To sum up, first, we generated 1,000 simulations of the national vote. Then, we applied each of the 1,000 simulated national outcomes to each congressional district, noting the party of the "winner." For each of the 1,000 simulated outcomes of the national vote, we project the partisan division of the 435 congressional districts.

The figure below displays the range of simulated results. As can be seen from the predominance of red bars, the Republicans win the majority of seats in 79% of the trials. On average, the Republicans win 229 seats, 23 more than the Democrats and 11 more than the 218 needed for a majority. However, the simulations yield considerable variation, with a 95% confidence interval of 176 to 236 Republican seats.

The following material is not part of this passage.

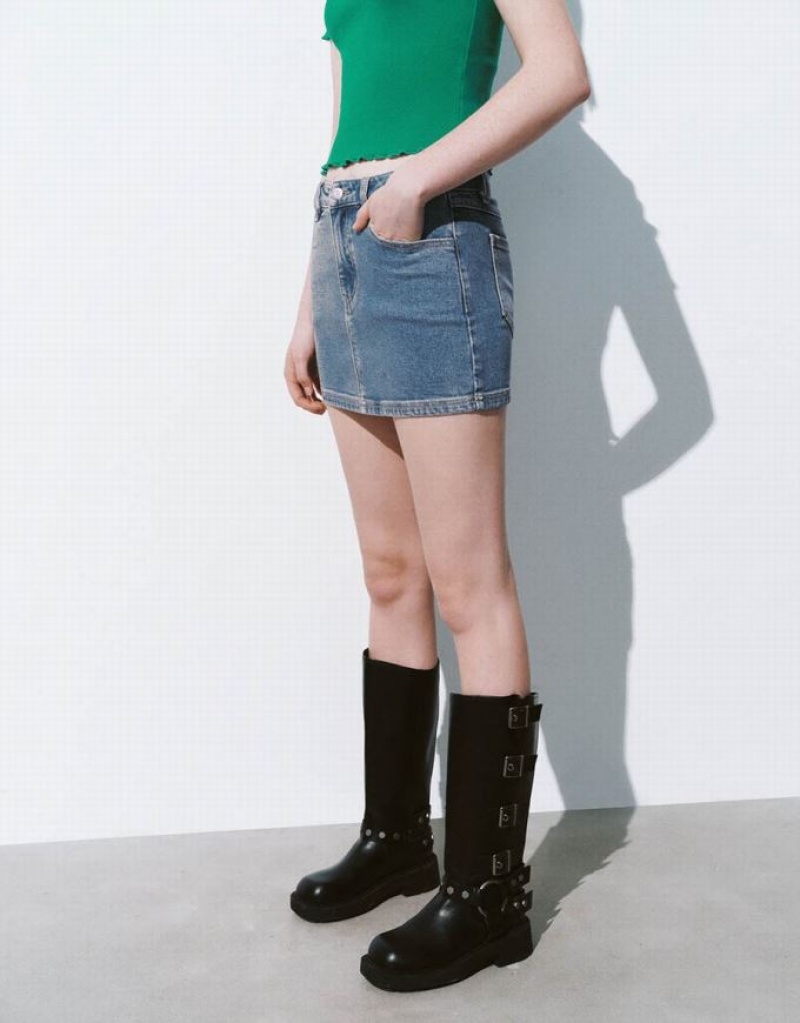 Blue Urban Revivo Mini Straight Women's Denim Skirt | AXOPCG-845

This prediction comes with important caveats. Applying our model to 2010 assumes that the forces at work in 2010 are unchanged from past midterm elections. However, we should be wary of the possibility that the underlying model of the national vote works differently in 2010 or is influenced by variables we have not taken into account. Because the 2010 campaign started to heat up earlier than usual, the usual tilt toward the out party may already be complete, with no further drift to the Republicans. It is also uncertain how voters will react to the tea-party movement as the public face of the Republican Party.

The key will be to follow the generic polls from now to November. If the polls stay close, the Democrats have a decent chance to hold the House. But if the polls follow the past pattern of moving toward the "out" party and move further toward the Republicans--even by a little--the Republicans should be heavily favored.



What a bunch of BS. The polls are grossly overstating Republican support. Just look at the Washington Senate primary. All the polls had that as a tossup race, yet Murray beat Rossi by 12 points. The GOP was supposed to win special elections in NY and PA. They lost both and neither were all that close. And both were conservative districts. The GOP has underperformed all along and will continue to do so in November. Republicans will gain about a dozen seats in the House and 1 or 2 in the Senate.


Henry Henwy:


You're full of crap and so is the donkey you rode in on. You have absolutely no clue what you're talking about. The polling for the washington senate race in almost every single poll has been a head to head matchup between Rossi and Murray. The primary itself was actually between 3 individuals, 2 republicans and 1 democrat. If you combine the republican votes, they got over 50%, enough to crush Murray, which was the takehome message to any sane person. It was a better result for repubs than that predicted by any pre-primary poll.



You're both totally wrong.

WA had 15 candidates, including multiple Dems and Repubs and a few independent or minor party ones.

Minor candidates took 7.73% of the vote.

Murray: 46.0%
Rossi: 33.29%
Didier: 12.98%

The minor candidates divide just slightly pro-Republican (Repubs have a 1 point lead there)

If Rossi got 100% of Didier's vote + 100% of the Repub minor candidate vote and Murray got 100% of the Dem minor candidate vote the approximate totals would be:

Rossi: 49.75
Murray 48.4

There's no "crushing" here at; that's nonsense. It's a dead heat, at this point assuming all of Didier's voters vote for Rossi. That's very unlikely and, in fact, Didier, thus far, hasn't even endorsed Rossi; he's trying to get Rossi to agree to some commitments that would be unpopular in WE (especially with regard to abortion). Rossi has declined to sign on.

Therefore I don't see how either of you can pick a winner in this race. It will come down to the wire and the extent of the overall Republican wave will determine the outcome.